→ **YOUR INSTRUCTIONS**: Copy out each record that follows exactly, and omit any picture you find.

→ **EXTRACTED ENTRIES**:
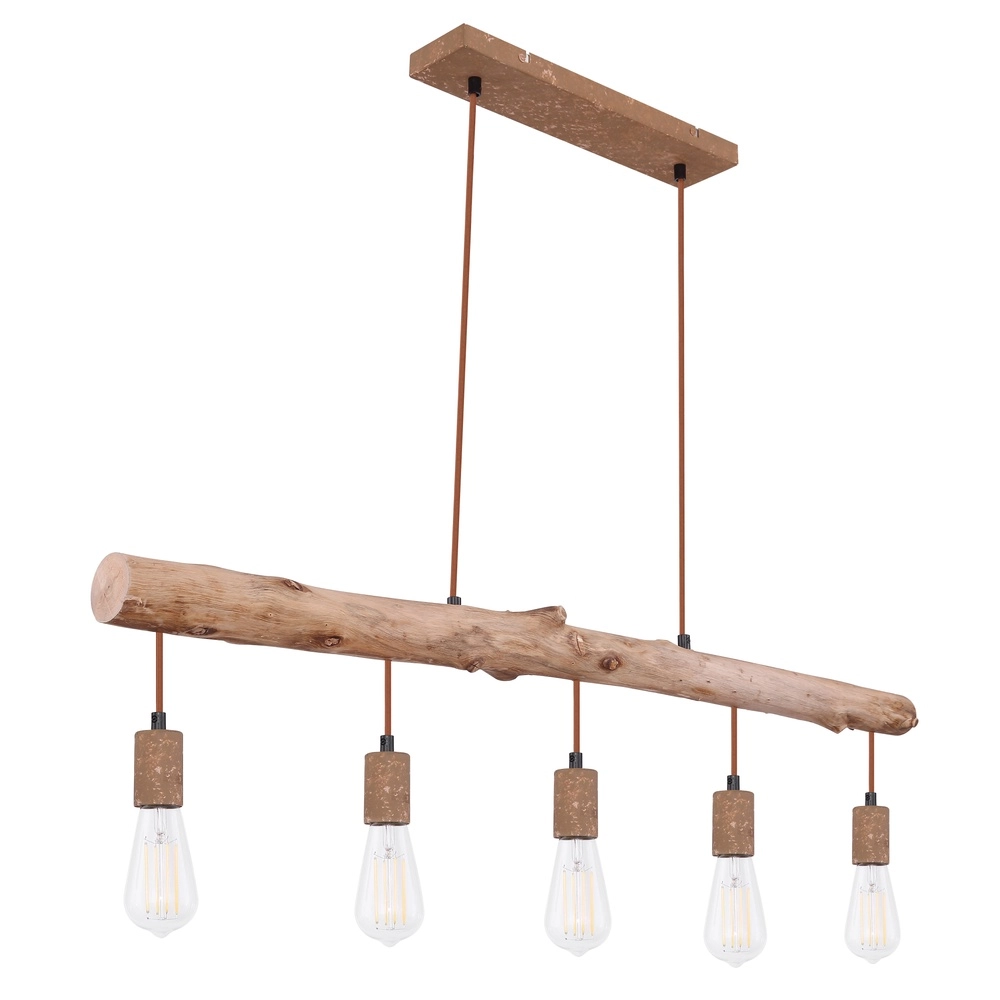Eetkamer hanglamp Jakob roest bruin Globo 9007371389636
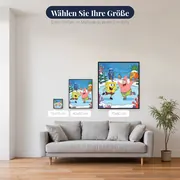 SpongeBob und Patrick beim Schlittschuhlaufen in Bikini Bottom – verfügbare Größen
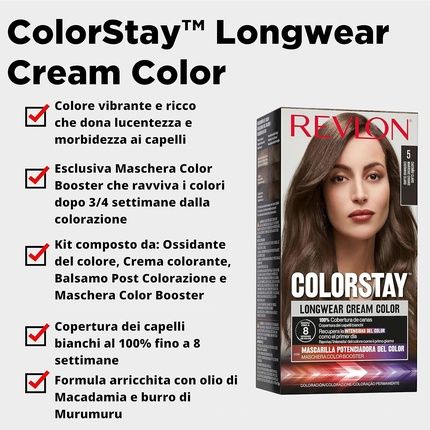 Revlon Colorstay Longwear Cream Hair Color 3 Dark Brown 165Ml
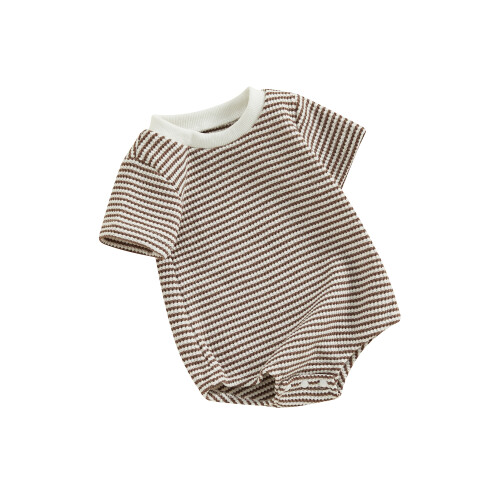 (6-12 Months, Khaki) Καλοκαιρινή φόρμα στρογγυλή αγόρια κορίτσια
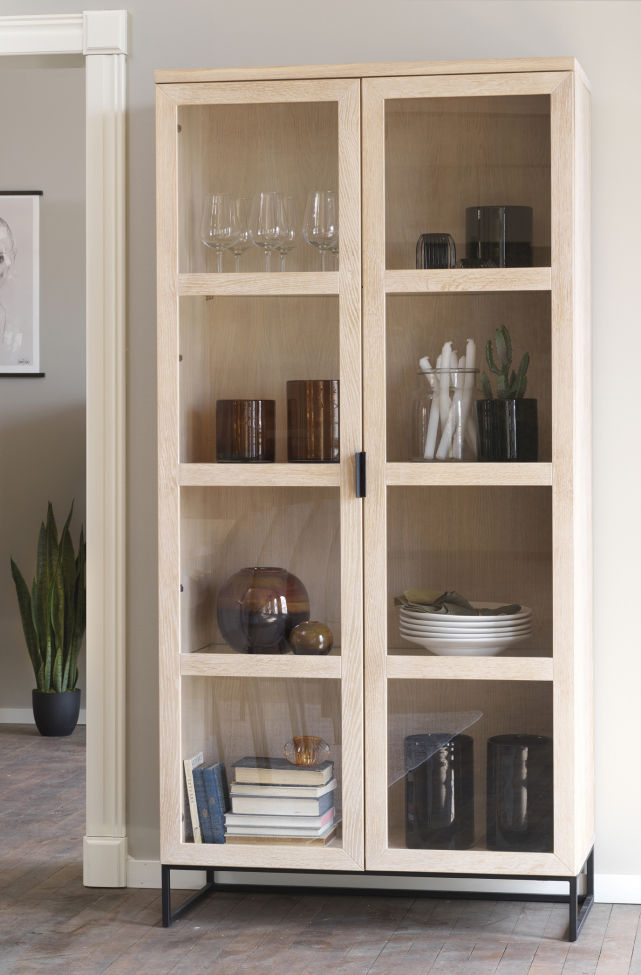 Vitrine 'Everett' - Naturel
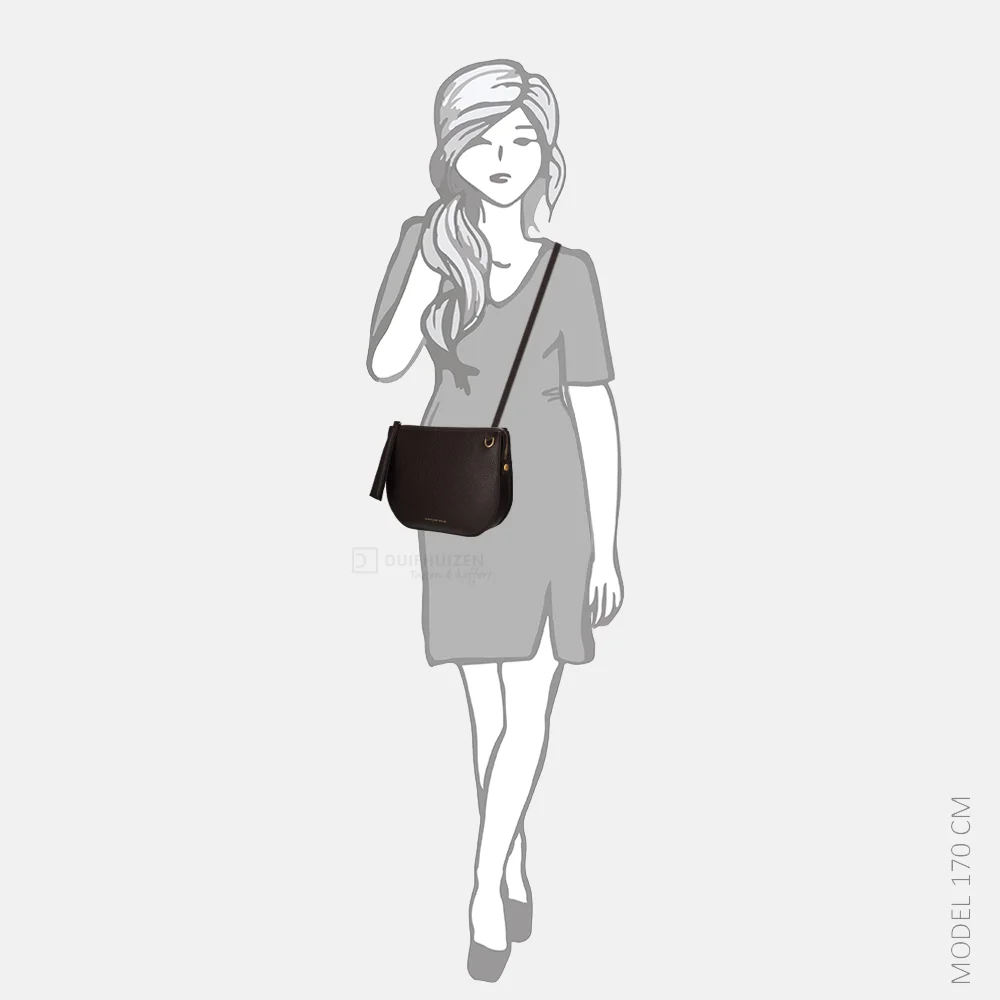 Smaak Amsterdam Silke crossbody tas dark chocolat bij Duifhuizen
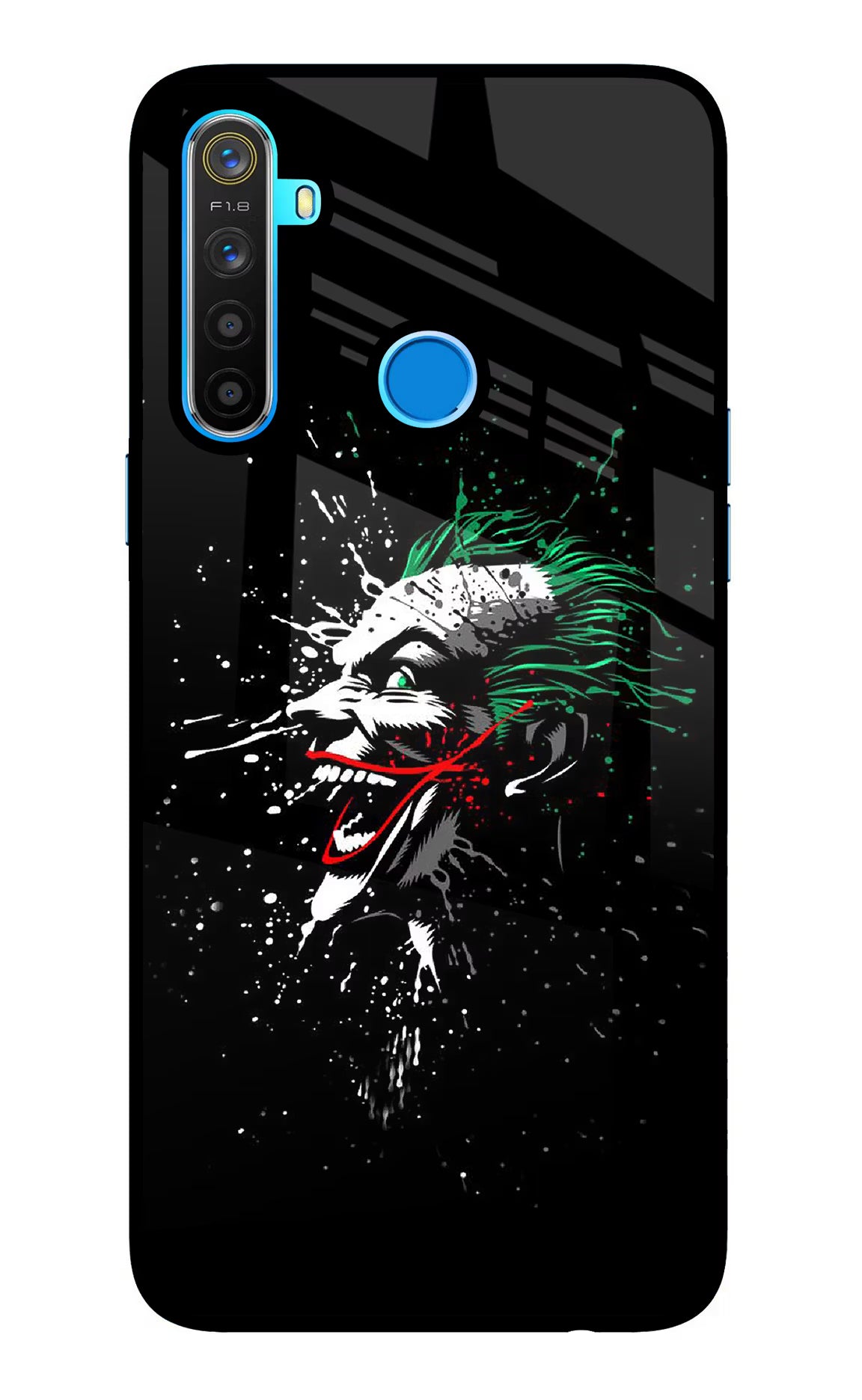 Joker Realme 5/5i/5s Glass Case - Joker Realme 5/5i/5s Glass Case Joker Realme 5/5i/5s Glass Case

→ **ANSWER SECTION**:
Eetkamer hanglamp Jakob roest bruin Globo 9007371389636
 SpongeBob und Patrick beim Schlittschuhlaufen in Bikini Bottom – verfügbare Größen
 Revlon Colorstay Longwear Cream Hair Color 3 Dark Brown 165Ml
 (6-12 Months, Khaki) Καλοκαιρινή φόρμα στρογγυλή αγόρια κορίτσια
 Vitrine 'Everett' - Naturel
 Smaak Amsterdam Silke crossbody tas dark chocolat bij Duifhuizen
 Joker Realme 5/5i/5s Glass Case - Joker Realme 5/5i/5s Glass Case Joker Realme 5/5i/5s Glass Case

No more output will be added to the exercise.